Provided information below:

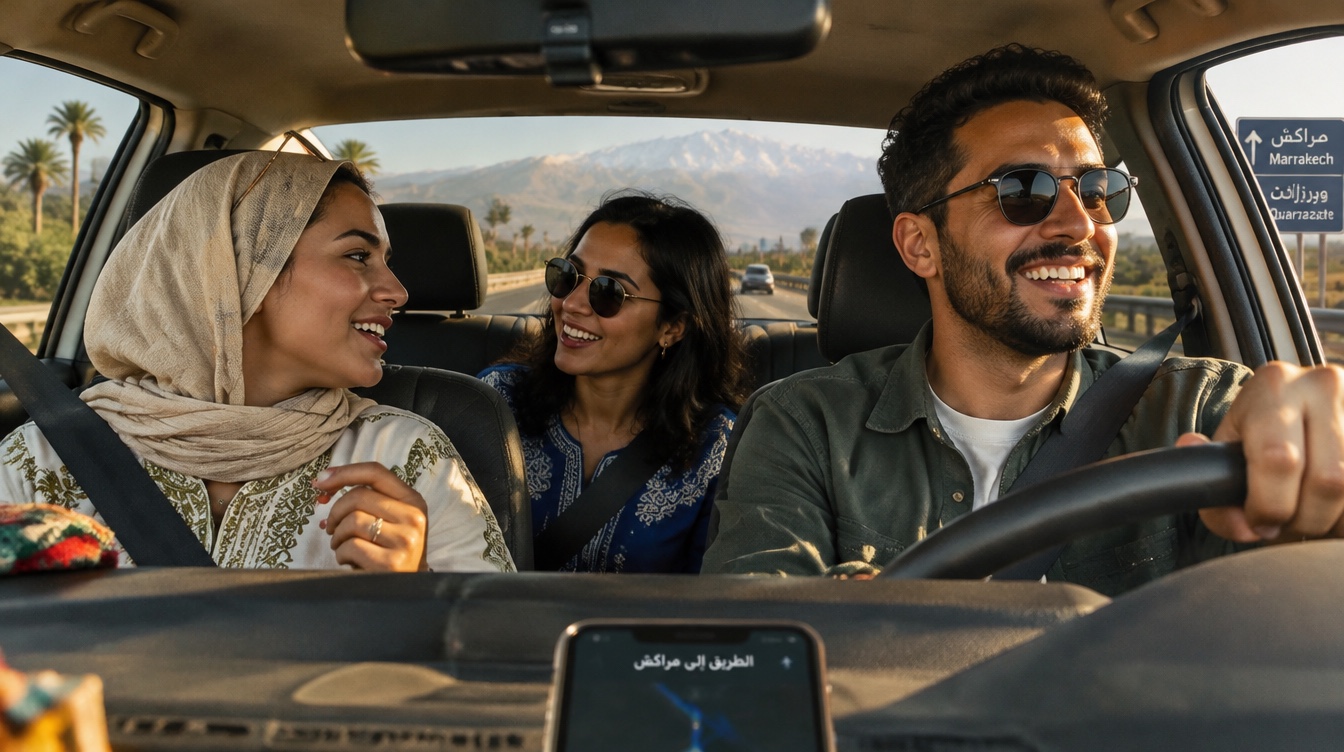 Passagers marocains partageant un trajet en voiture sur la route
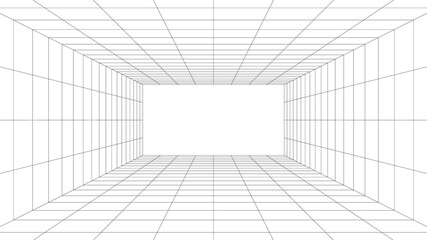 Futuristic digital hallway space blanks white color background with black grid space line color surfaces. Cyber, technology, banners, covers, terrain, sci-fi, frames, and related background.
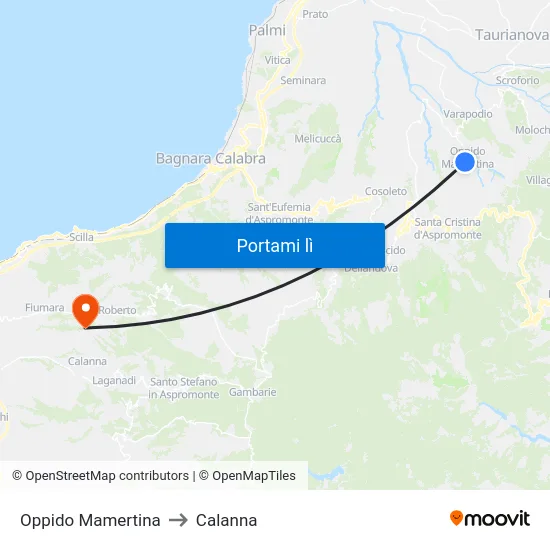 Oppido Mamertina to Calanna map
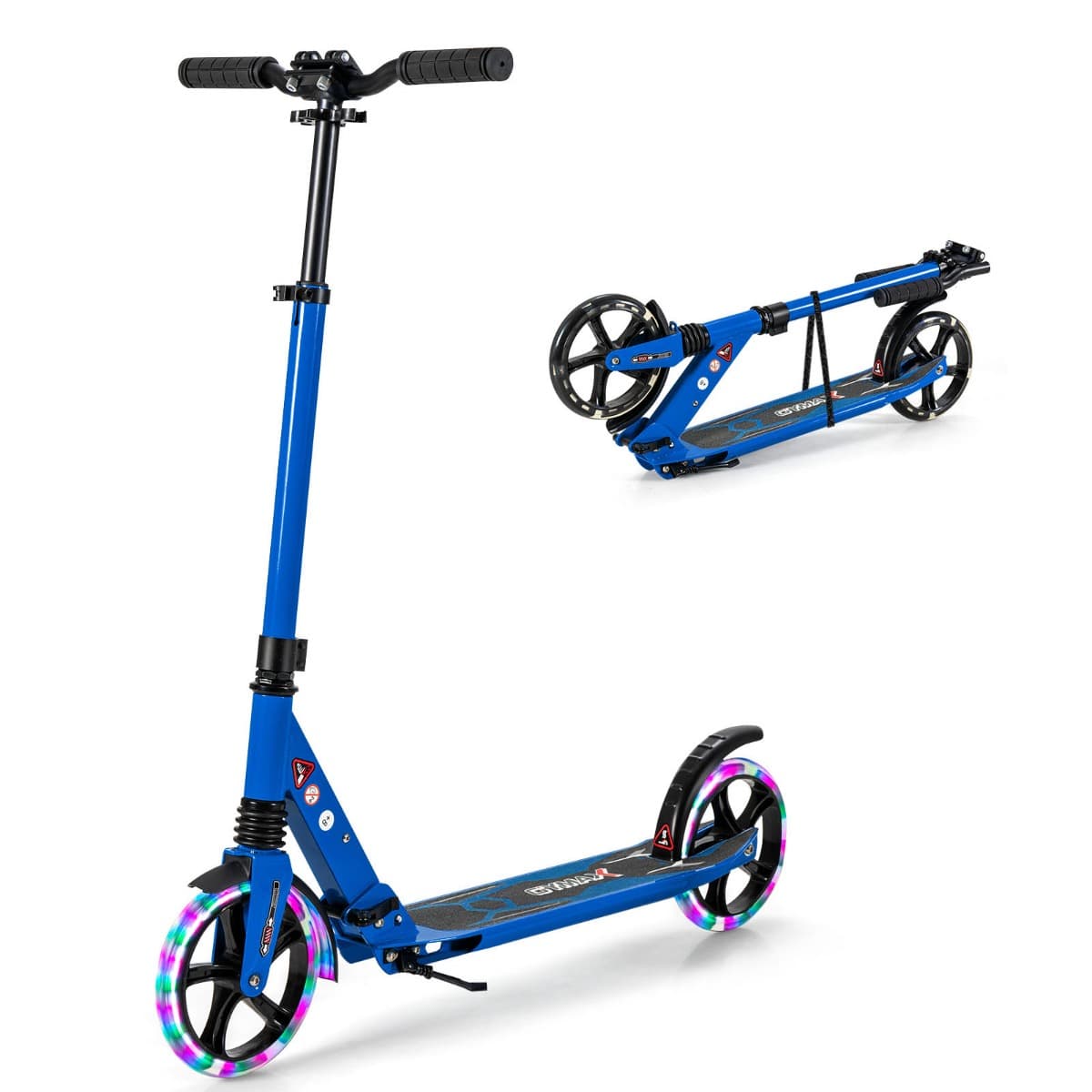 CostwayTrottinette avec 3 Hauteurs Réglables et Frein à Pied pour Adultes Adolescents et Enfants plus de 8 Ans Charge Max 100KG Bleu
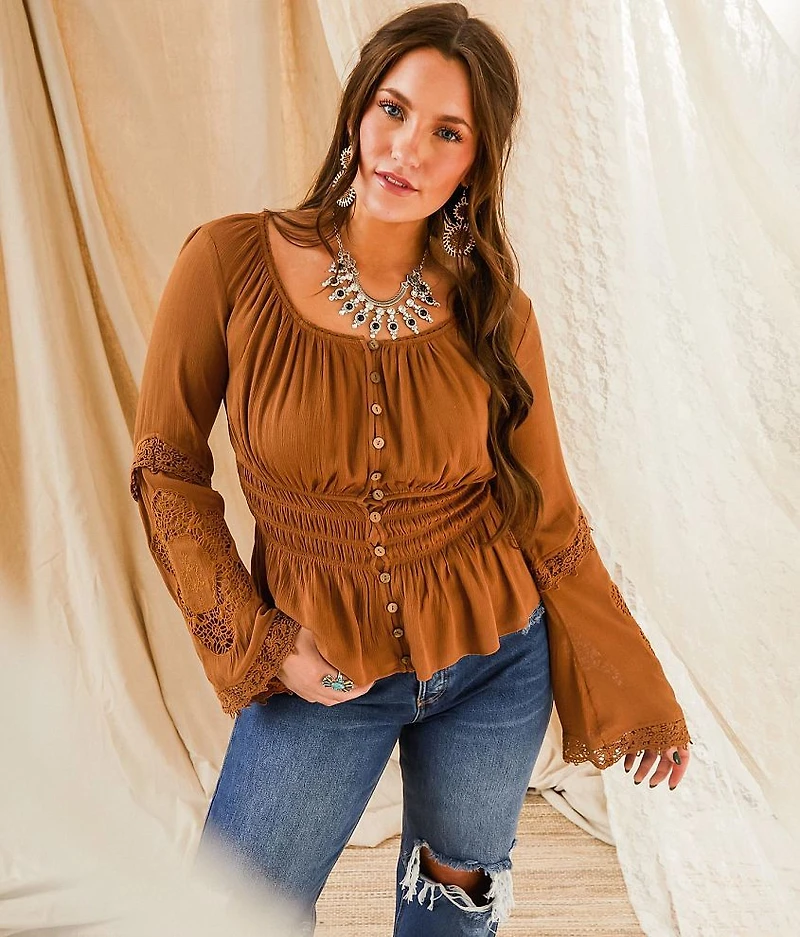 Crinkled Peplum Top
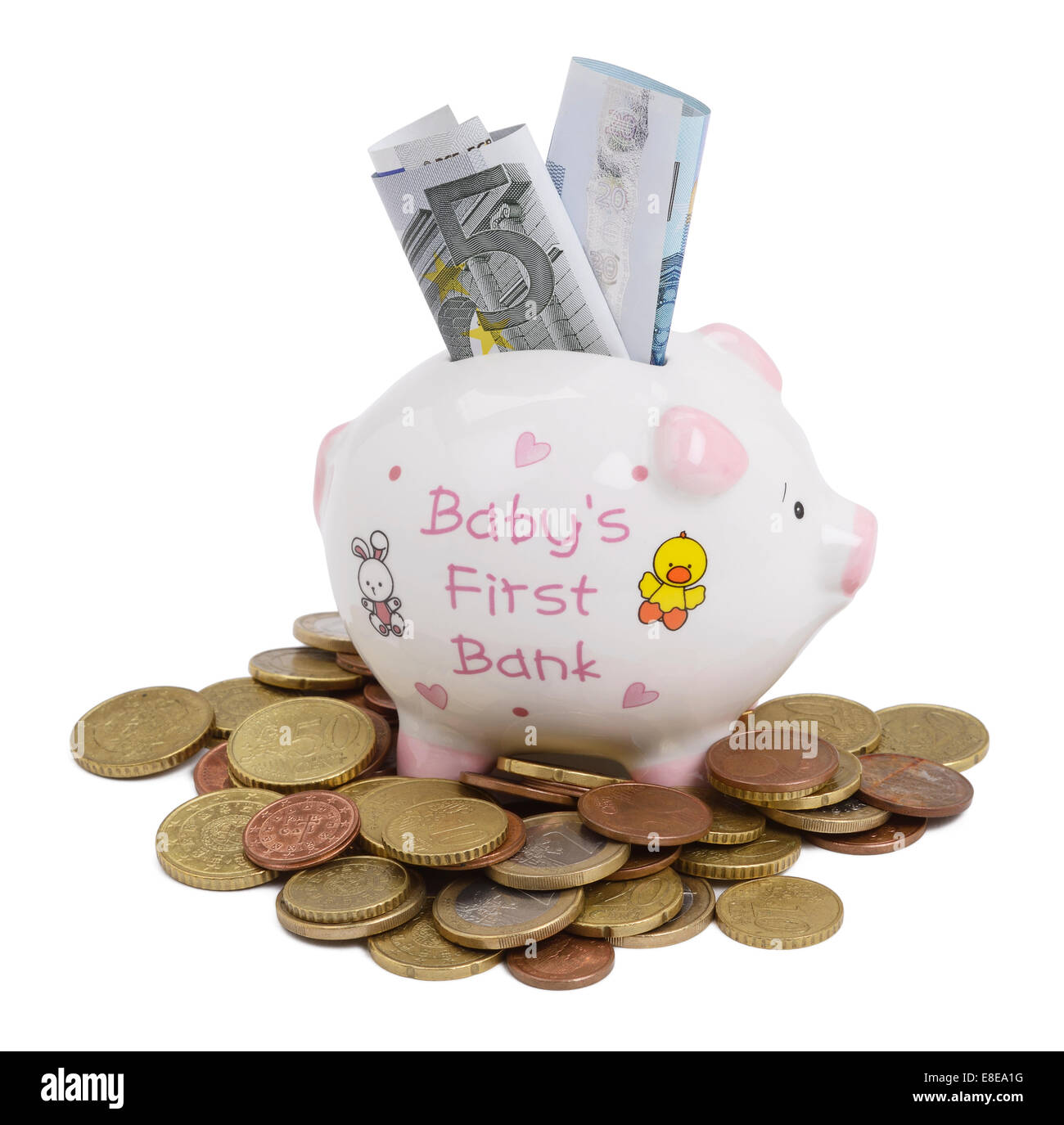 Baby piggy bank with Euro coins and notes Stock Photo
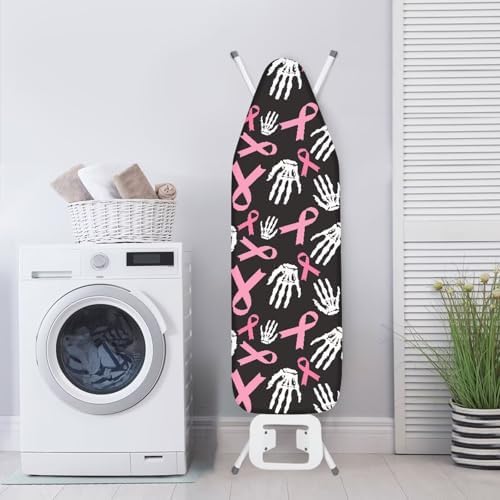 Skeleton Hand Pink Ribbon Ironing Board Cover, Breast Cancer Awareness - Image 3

End of Provided information.

→ **Work required**
Take the lines from the start of the material to the line with "Crinkled Peplum Top", both included, and transcribe them exactly without the pictures.

→ **Completed exercise**
 Passagers marocains partageant un trajet en voiture sur la route
 Futuristic digital hallway space blanks white color background with black grid space line color surfaces. Cyber, technology, banners, covers, terrain, sci-fi, frames, and related background.
 Oppido Mamertina to Calanna map
 CostwayTrottinette avec 3 Hauteurs Réglables et Frein à Pied pour Adultes Adolescents et Enfants plus de 8 Ans Charge Max 100KG Bleu
 Crinkled Peplum Top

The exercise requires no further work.